É a sinergia entre o que é fundamental para o ser humano e daquilo que vem de uma ideia de multiplicidade de tecnologias. A tribo clássica é isso: é o estar juntos para lutar contra as adversidades da natureza, os animais, a selva, as inundações. É a tribo e a internet, e essas formas de solidariedade que se apresentaram aqui no Rio Grande do Sul, para mim, são manifestações evidentes disso.
Como as redes sociais transformam a maneira das pessoas se comunicarem?
Para mim, a verdadeira informação vai passar pelas redes sociais, pelos blogs, pelos fóruns de discussão. Está lá a grande tendência do momento. Na França, por exemplo, jornais como o Libération, o Le Monde e o Le Figaro têm, ao todo, 450 mil leitores. Na televisão é a mesma coisa. Por outro lado, as informações em redes sociais têm se desenvolvido. Para mim, essa será a grande tendência das novas gerações e, portanto, da sociedade. Meus filhos, por exemplo, não veem televisão, e eles nem são jovens.
E o crescimento da inteligência artificial, de que forma impacta esse comportamento?

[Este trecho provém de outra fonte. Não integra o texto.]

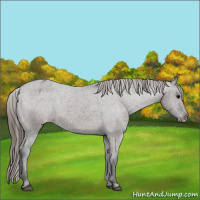 Horse Color:Grullo Appaloosa 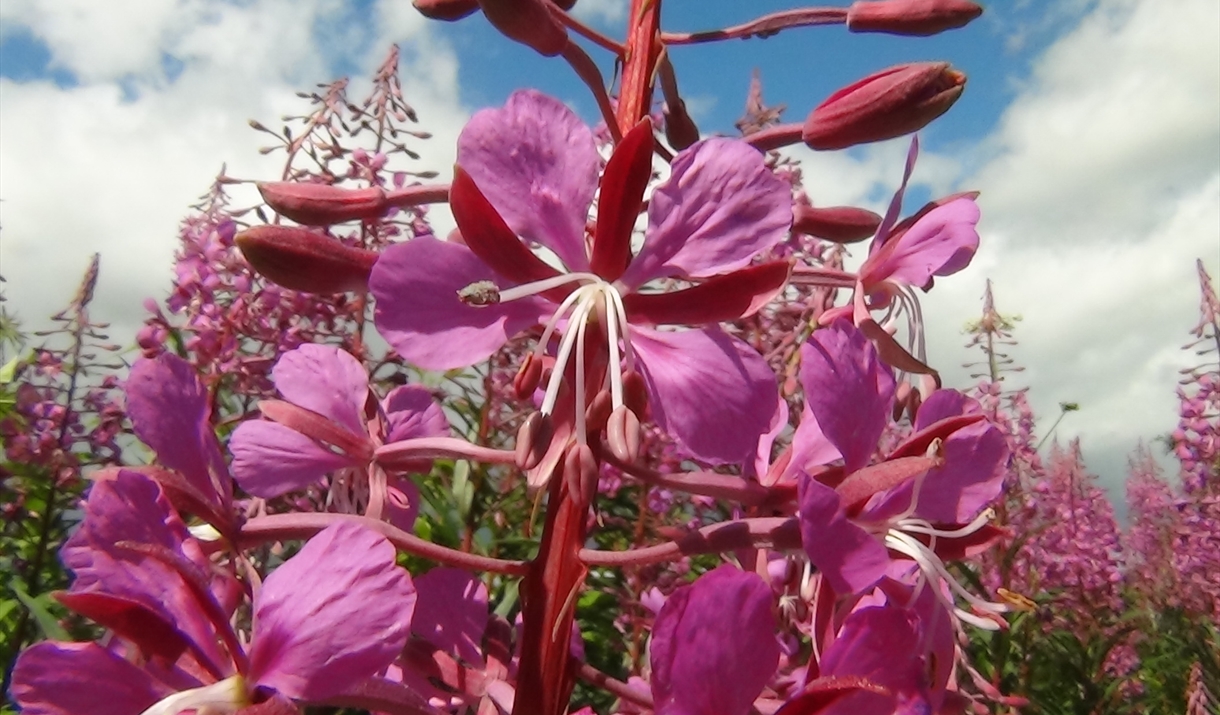 Rosebay Willow Herb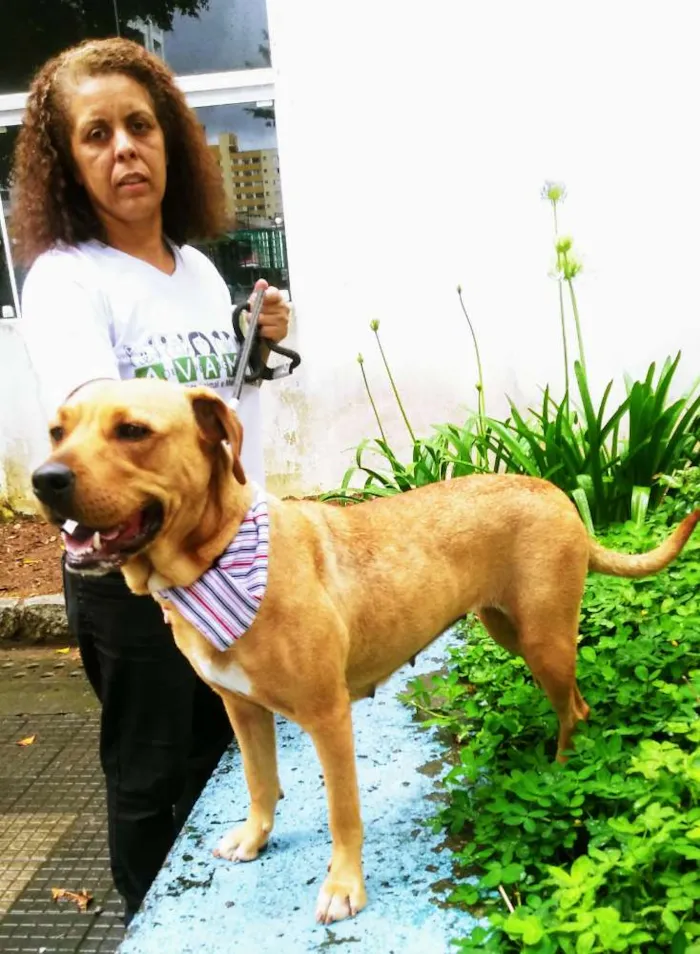Cachorro ra a Srd idade 2 anos nome Marron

Antes de responder, preciso trazer uma pequena imagem histórica. No terceiro ou quarto século da nossa era, da decadência humana, havia três religiões importantes: o mitraísmo, o orfismo e o cristianismo. As duas religiões que, supostamente, triunfariam, eram o mitraísmo e o orfismo, porque eram as religiões dos oficiais, dos nobres, das pessoas importantes. O cristianismo era a religião dos pobres, dos soldados.
Naquele momento, a Igreja de Milão, na Itália, segredou o dogma da comunhão dos santos. Com isso, a pequena Igreja de Milão foi unida em espírito com as igrejas de Narbona, de Lyon, de Roma, de Paris, e foi por causa da comunhão dos santos que o cristianismo triunfou contra as duas outras religiões. Para mim, a internet é a comunhão dos santos pós-moderna.
Pequenas tribos se reúnem, se conhecem e se entregam umas às outras. E um dos elementos da comunhão dos santos é, justamente, a celebração de estátuas dos santos. Para mim, a inteligência artificial, atualmente, faz a mesma coisa. São santos que fazem com que as pessoas se reúnam em torno de uma imagem.
Hoje, o totem são as redes sociais e a inteligência artificial. Nós nos reunimos ao redor delas, comungamos e nos relacionamos a partir delas. Eu já tenho mais idade, mas vejo que essa nova geração vive tudo por meio da tecnologia. É o que a alimenta e é lá que acontece essa comunhão, que é um termo que vem do catolicismo. É um ritual, e, para ser um ritual, é necessário que ele seja compartilhado.